I remember I gazed at her, through my swollen, red and tear-filled eyes. She looked all hazy and blurred, as if I were watching her through a glass of water, and utterly, utterly wonderful. Even though I didn’t really expect to be allowed to stay with her, over the weeks I’d spent in her big, rambling old house I’d not been able to help loving her. Just a little, because she was so kind. And because she cuddled me a lot and made me nice food every day. But I was sure they’d make me move—I thought she’d want me gone to make room for some other little kid who needed her more than I did. So at first I couldn’t believe it, couldn’t take it in. Did she mean what it sounded like? That I wasn’t in the way, that if I wanted to I could stay?

I didn’t answer her. I didn’t ever tell her I wanted to stay. I just stayed. And stayed and stayed and stayed. Until a year had gone by, then another year.

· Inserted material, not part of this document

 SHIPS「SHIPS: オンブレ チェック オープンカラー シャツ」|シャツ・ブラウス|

Other children had come and gone during that time, but I just stayed.

When she wasn’t rescuing sad and lonely little girls Margaret was a quilter. She made beautiful, intricate quilts out of tiny pieces of fabric, most of which she designed herself. She made quilts as presents for people, for exhibitions, for special occasions. And she taught me how to make them too. It’s a wonderful, restful pastime, and I love being able to take a pile of worthless looking scraps of cotton and work them into something stunning. It’s something else I can do in silence, on level terms with any other quilter. With Margaret I made quilts for shows and I won prizes, became quite well known in our little circle.

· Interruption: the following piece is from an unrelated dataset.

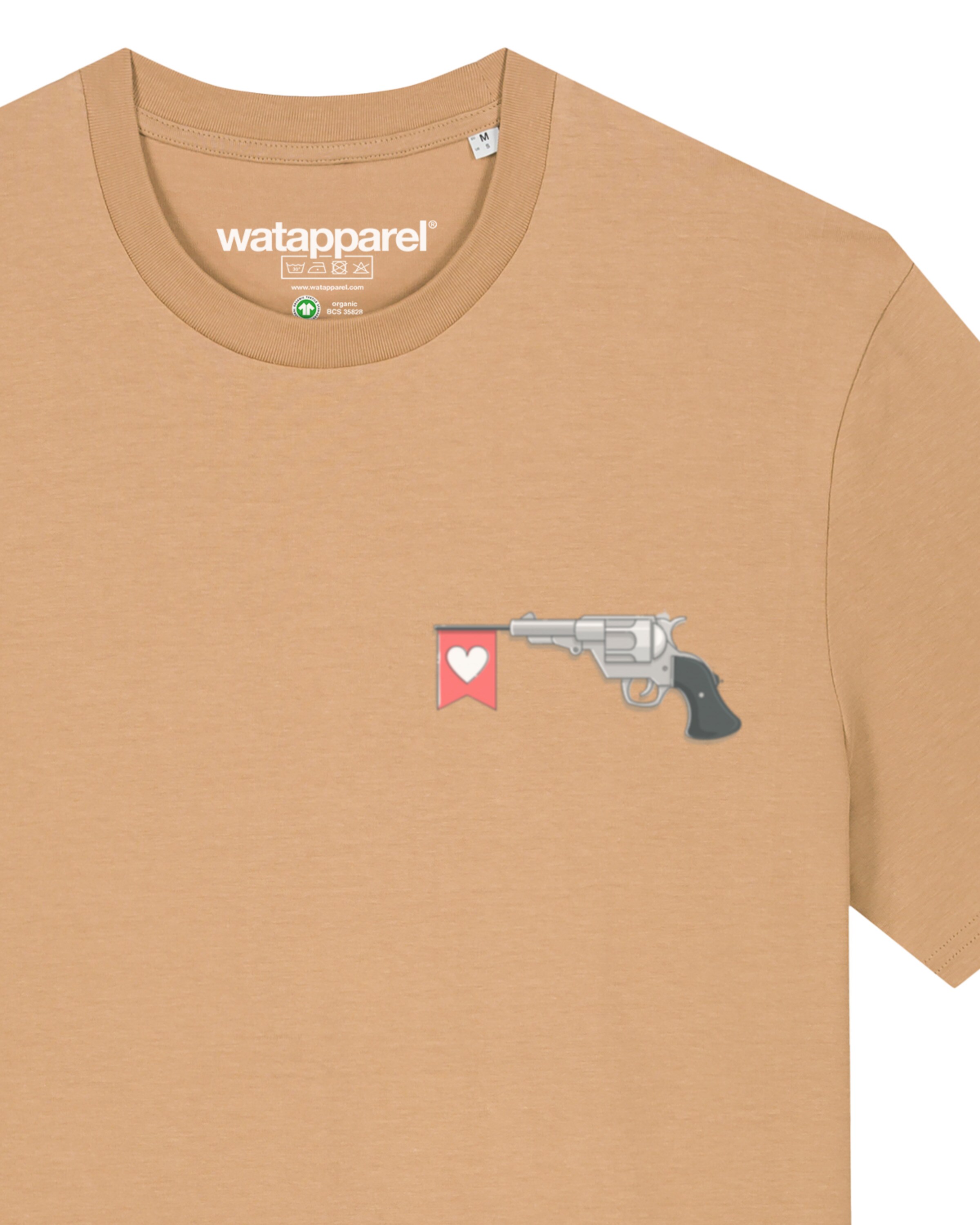 T-Shirt 'Make love not war' Watapparel en beige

The years rolled smoothly by, and I was settled with Margaret. I went on to secondary school, where they gave me a dedicated tutor all for me, because I was so ‘special’. I couldn’t speak, and as if that wasn’t bad enough, I was ‘looked after’ as well. One time I saw the phrase ‘multiple disadvantages’ on a report in my tutor’s file on me, and I wondered who she was writing about and how this other kid’s papers had gotten into my file. I never felt disadvantaged, and surely being ‘looked after’ is a good thing? It definitely is if the looking after is done by Margaret Maloney, who eventually filled in the forms and formally adopted me when I was fourteen.

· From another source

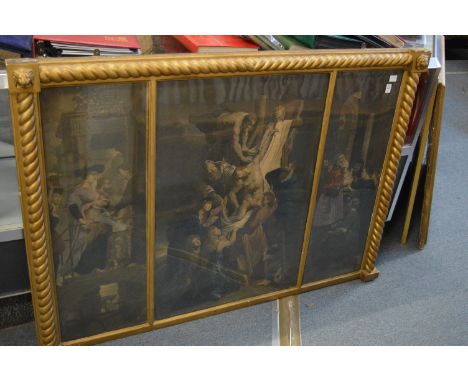 A large religious colour print mounted as three in an over-mantle stye frame.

I’ve never called her ‘mum’ and I never will. She’ll always be Margaret as far as I’m concerned. But she means the world to me and that won’t change, even though she now lives in New South Wales with George. George, short for Georgina, is an Australian restaurant owner she met on holiday in Tunisia a couple of years after I moved in with her. The two women hit it off and corresponded endlessly after they returned home. They continued to meet once or twice a year in various exotic parts of the globe over the years that followed, often with me in tow. It took me a while to work out the true nature of their relationship, but by the time the penny dropped, I adored George and it never occurred to me that there was anything unusual about their set-up. They finally formalized their civil partnership a couple of years ago, and Margaret moved to Sydney. I suspect she’d have emigrated a lot sooner but for me. She wouldn’t leave me, wouldn’t uproot me, and she steadfastly put me first. It wasn’t until I hit the Euromillions jackpot, and moved out of her house in Ulverston to take up residence in my own fancy apartment that she finally put up the for sale sign and made arrangements to move Down Under.